Francis Romano presented Cziffra in Saint-Saëns and Liszt—and we forget. We forget what a stunning pianist Cziffra was. It’s not right to dwell on technique, on mere physical wizardry, but we have to say something. Nothing was too hard for Cziffra; nothing seemed even to pose effort. Cziffra added notes to Liszt, for the purpose of filling the music out—music that was overstuffed already. Beyond this, however, Cziffra had abundant charm, spirit, understanding. He was Old World, all the way (in the best sense).

We all know that when Backhaus plays, say, “Warum?” he is musical. But Cziffra is musical too—even in pieces that, in other hands, are vulgar.

After the Cziffra recordings, the man sitting next to me—a pianist himself—said, “I’d hate to follow that.” But the show had to go on. We heard from Koji Attwood—a two-t’d Atwood—a pianist from Kansas. He started with a transcription of his own: of Fauré’s song “Les berceaux.” Fauré is an eminently transcribable guy, with many of his songs finding their way into instruments. Attwood has added to this literature. And who can resist a Fauré song? I wish he had played “Les berceaux” straighter—with less liberty, the way Janet Baker sang it—but you could say he was entitled: It’s his transcription, after all.

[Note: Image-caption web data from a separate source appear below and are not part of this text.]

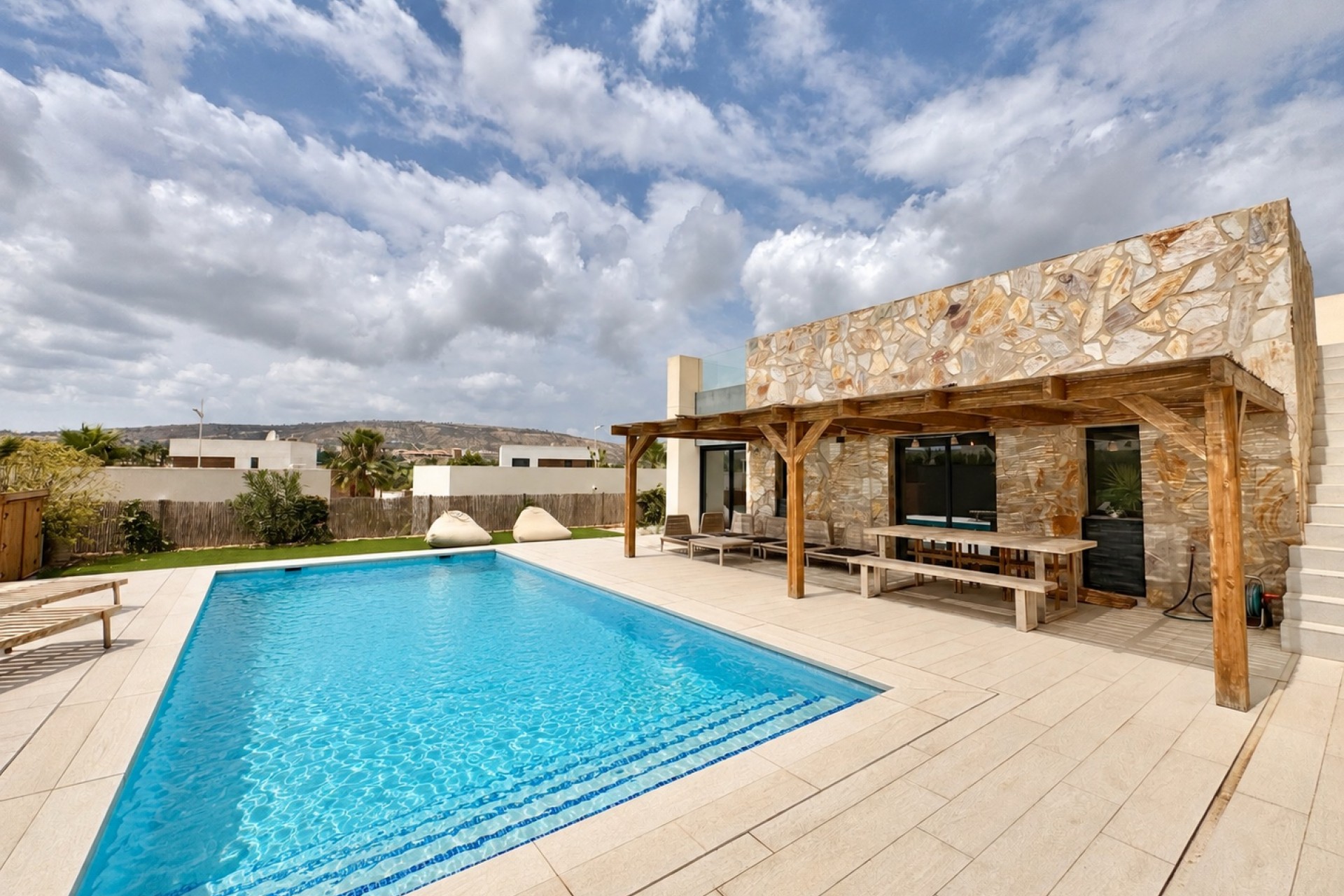 Reventa - Villa -
Alicante - Costa Blanca
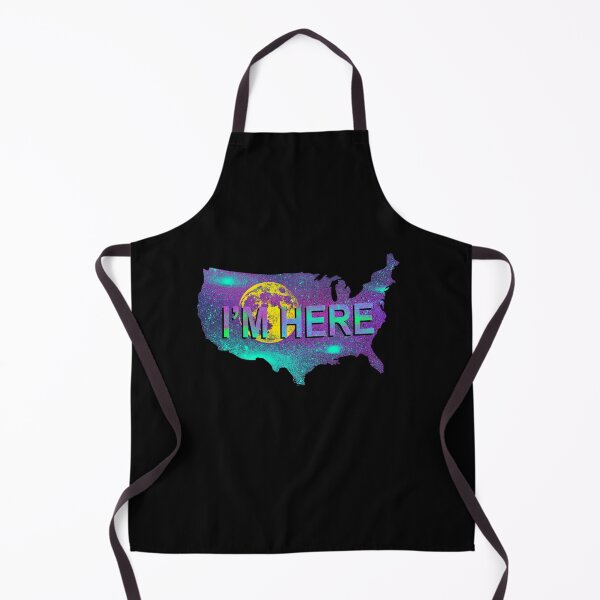 Item preview, I'm here designed and sold by barmalisiRTB.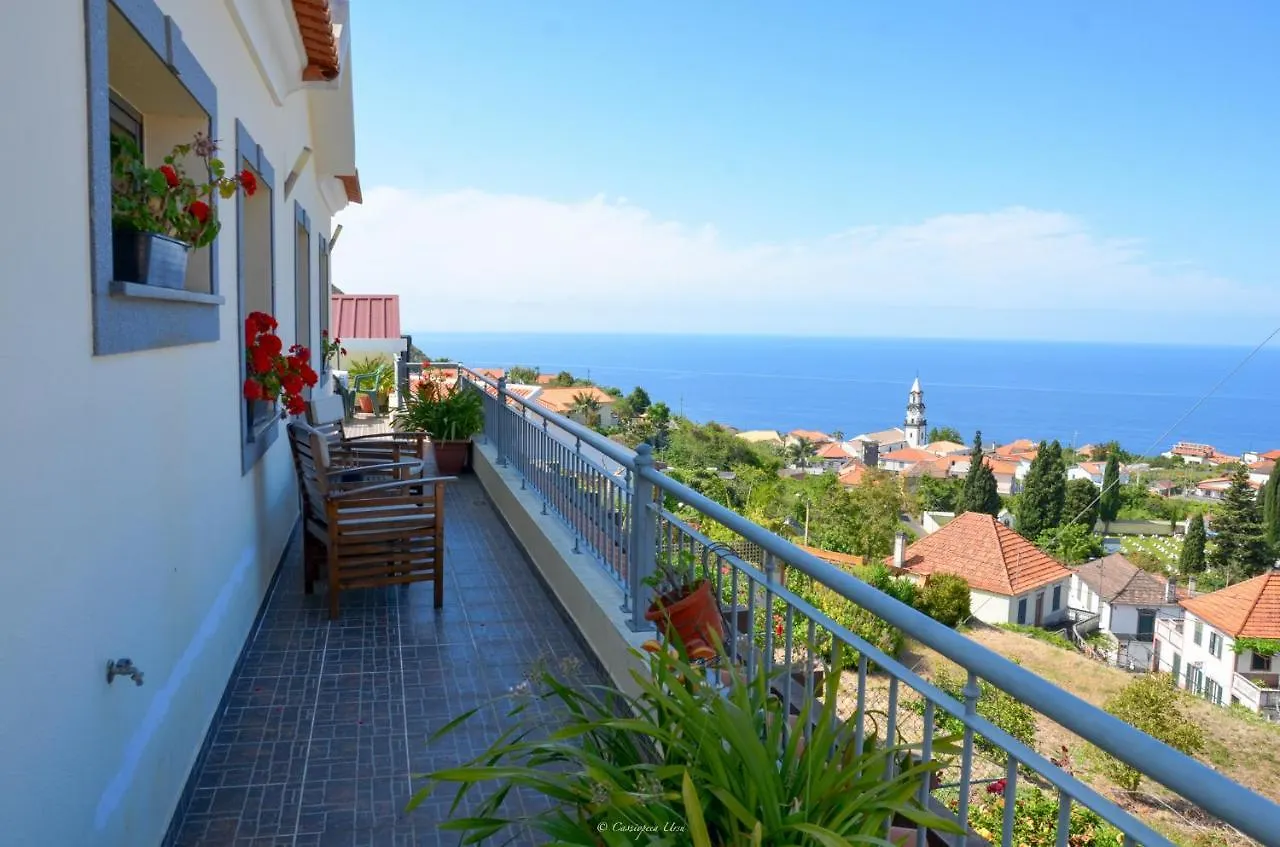Appartement Teixeira House à Arco da Calheta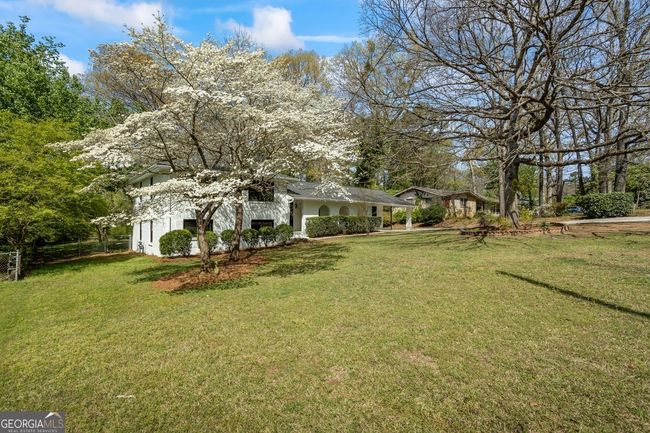 1146 Redan Way, House other with 4 bedrooms, 3 bathrooms and null parking in Stone Mountain GA | Image 5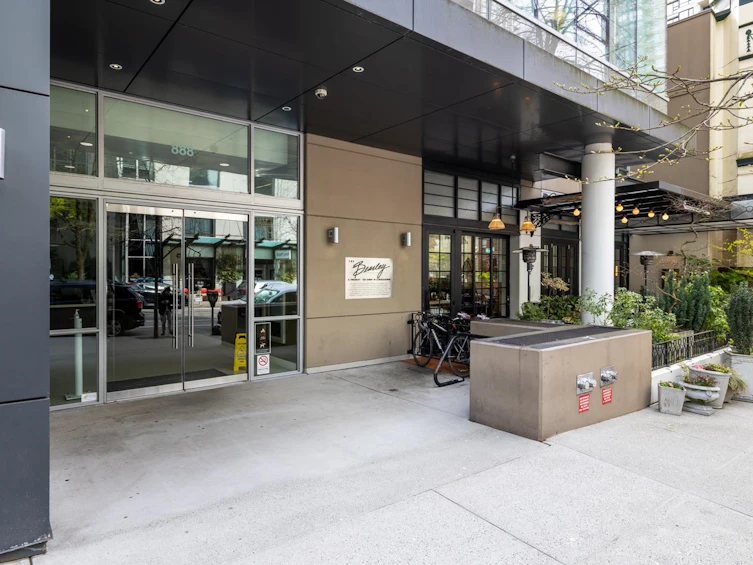 1705-888 Homer Street, Vancouver, BC, V6B 0H7 - 18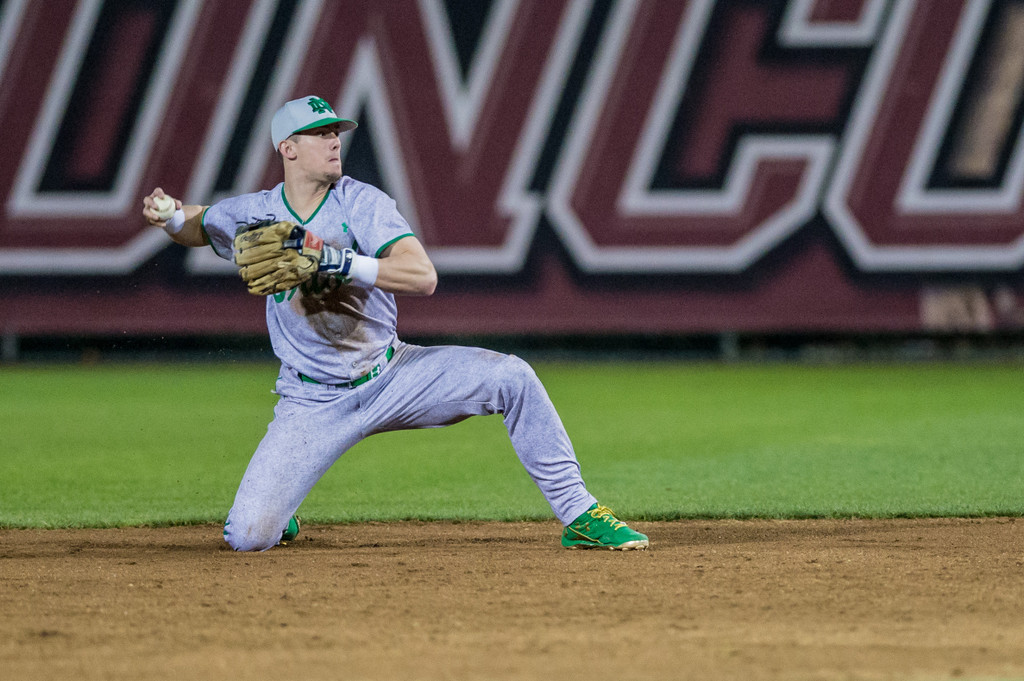 Irish at Santa Clara - Feb. 20, 2016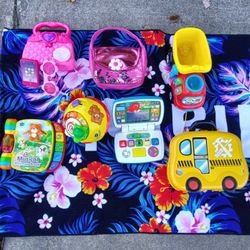 Little Kids Toys $25 Take All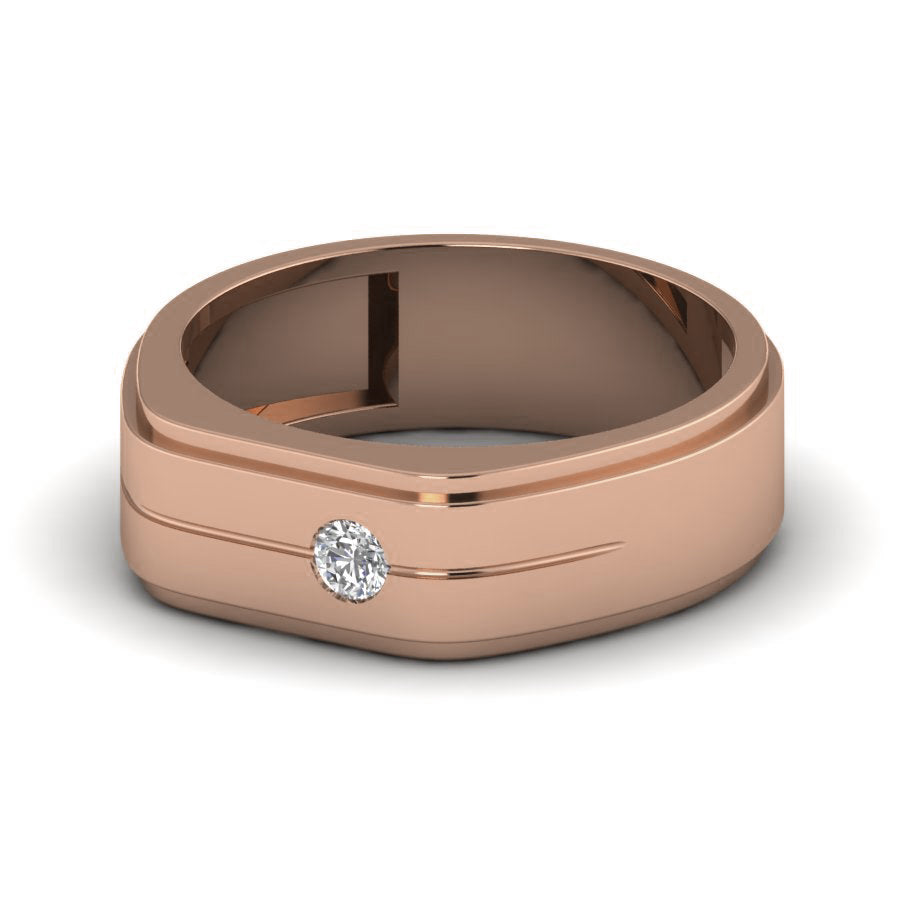 Rose Gold Ring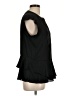 Mossimo Black Sleeveless Blouse Size L - photo 4
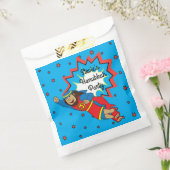 ユダマカビーザハンマーおもしろいトリートフライフティングバッグ フェイバーバッグ (封をした状態)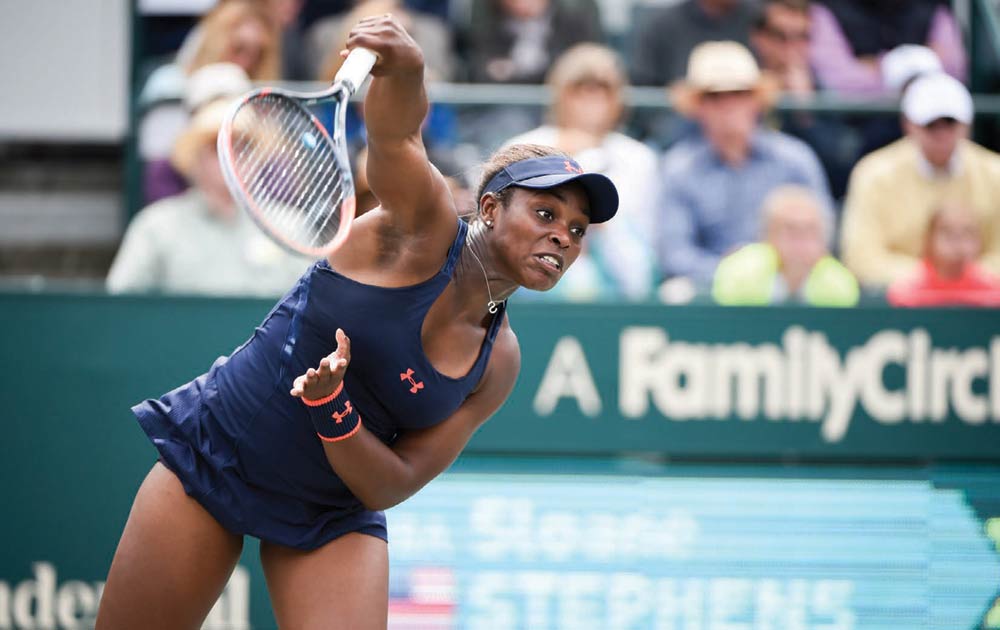 Sloane Stephens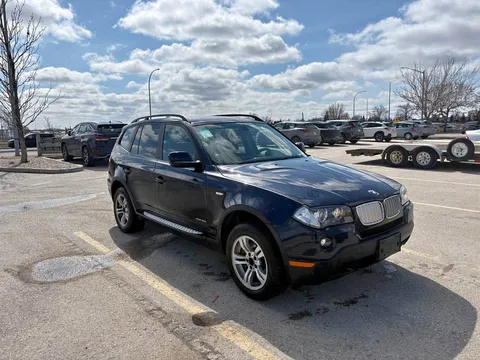 2010 BMW X3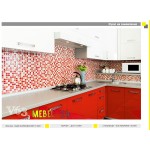 Кухня кутова модерн V63 від ViANT
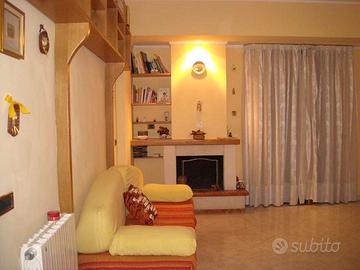 Appartamento a due passi dai Laghetti di Marinello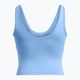 Дамски тренировъчен топ Under Armour Motion Tank EMEA  horizon blue/white 4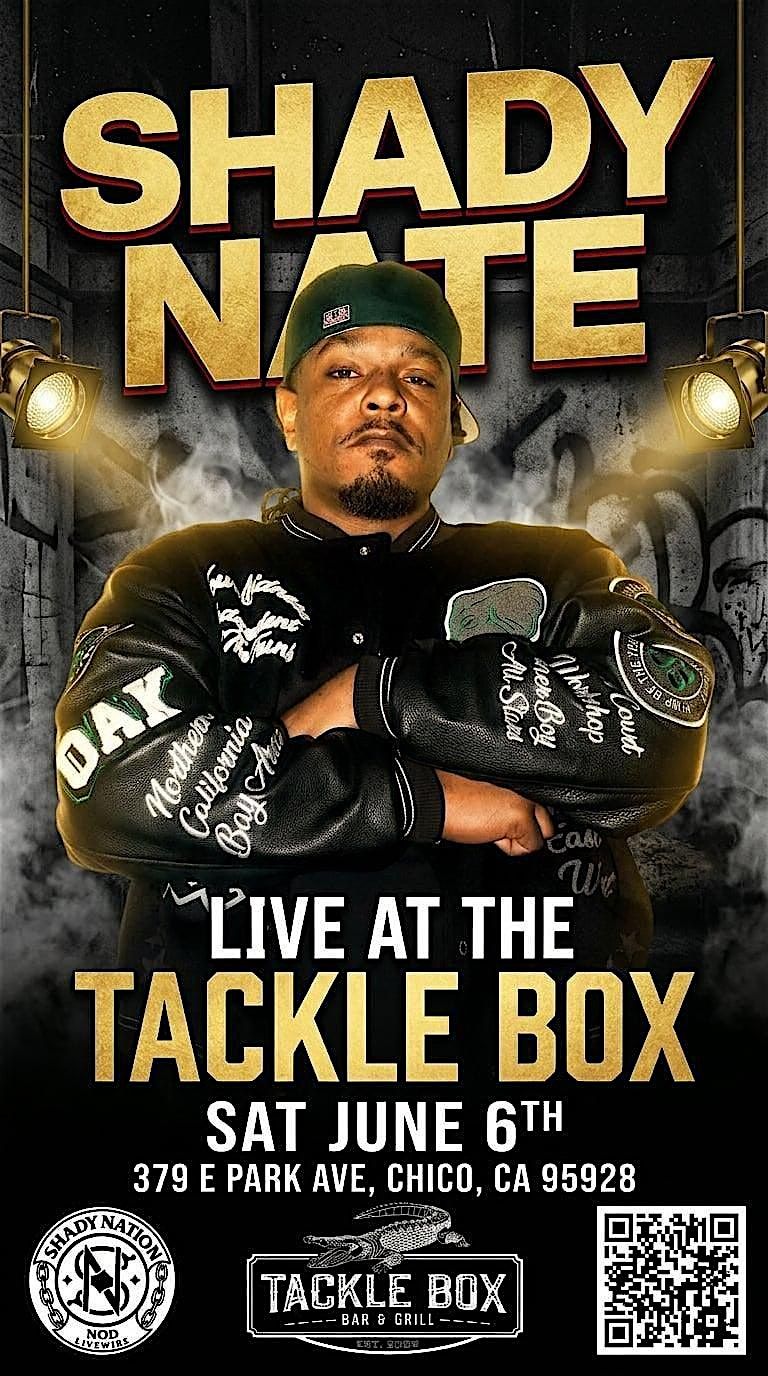 Shady Nate LIVE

Then, Attwood played a rarity, or rather, a group of rarities: études, preludes, and an elegy by Sergei Bortkiewicz. He was a Ukrainian-born Polish composer who lived from 1877 to 1952. Not unlike Cziffra’s, his life was harrowing: He ran from place to place, fighting off Communists, Nazis, cold, starvation. The pieces we heard manage to be flashy and dreamy at the same time —true-blue Romanticism. And Attwood played them in the desired flashy-dreamy fashion. Before leaving the keyboard, he, like Di Wu, gave us some Chopin-Godowsky: the Study No. 42, “Winter Wind.”

A third young pianist was Mei-ting Sun, who started out in Shanghai and moved to New York at nine. He, too, played a transcription of his own: a big transcription: from Salome. The pianist next to me said, “Is he going to strip, too?” But Sun had not transcribed the Dance of the Seven Veils. He had transcribed Salome’s Final Scene, which I have always called “the mad Liebestod.” This is not an obvious candidate for transcription—for pianofication. It cries out to be sung, and played by an orchestra. Indeed, when the music got to “In der ganzen Welt”—soaring—I just had to supply my own soprano, mentally. But Sun did his job manfully: both as transcriber and as pianist.

His Salome treatment is fantastically hard—I think Cziffra would have smiled over it.

The evening was dedicated to Nathaniel Yangco. He was a young doctor—early thirties—who died last summer in a scuba-diving accident. He was a brilliant, multitalented man. He was a member of the aforementioned “vast international underground of piano nuts.” And he was a pianist, too. We saw him in a video playing Rameau’s Gavotte and Variations. Nathaniel Yangco could play, and it was moving to see him.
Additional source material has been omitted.